Estas son algunas de los factores y tendencias críticas, pero hay más: la crisis de confianza en las instituciones políticas, estatales y europeas, la fragmentación de Europa en -otra vez- bloques, cada día que pasa un poco más irreconciliables, a lo que se añade el Brexit, el absurdo conflicto con Rusia, y el distanciamiento de los Estados Unidos. El deterioro de la infraestructura social más valiosa e insustituible, el matrimonio y la familia, que es generadora de prosperidad y el bienestar, bajo el autoengaño que da lo mismo cual sea el tipo de vínculo que la configure, porque todas son iguales en sus causas y consecuencias sociales. También deja un agujero negro el repliegue del cristianismo, que no ha encontrado sustituto entre la gente. Y por si se necesitaban mayores incertidumbres, el daño para el crecimiento económico mundial, y de manera especial el europeo, que puede desencadenar Trump y su insólita guerra comercial con más de medio mundo.

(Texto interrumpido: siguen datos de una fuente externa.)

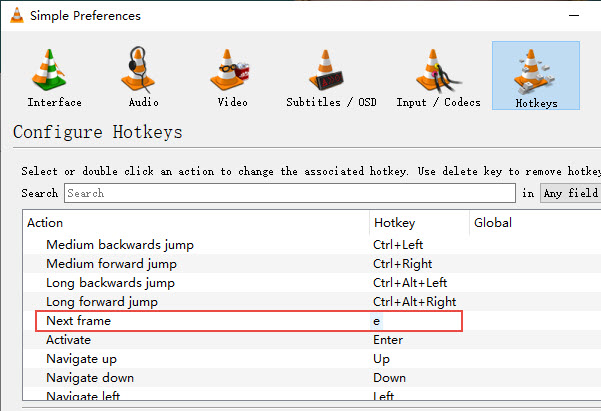 vlc media player frame by frame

Por último, la perspectiva de género, que significa una ruptura demoledora, cultural y antropológica, social e institucional, acentuada por el tipo de feminismo que ha generado, que ha sustituido la reivindicación de la igualdad de derechos de la mujer con el hombre por una guerra contra el hombre mismo.
Si, en lugar de este apretado apuntamiento, hubiéramos desarrollado un relato más extenso y articulado, mostrando las sinergias que crean estas dinámicas críticas entre sí, el balance todavía sería peor. Una sola de estas crisis puede dañarnos irreparablemente, lentamente, como la de la familia, o como una explosión social o ambiental. Vivir de espaldas a ellas, no tomar conciencia de su existencia, y sobre todo de sus causas, no es pecar de optimista, sino de irresponsable.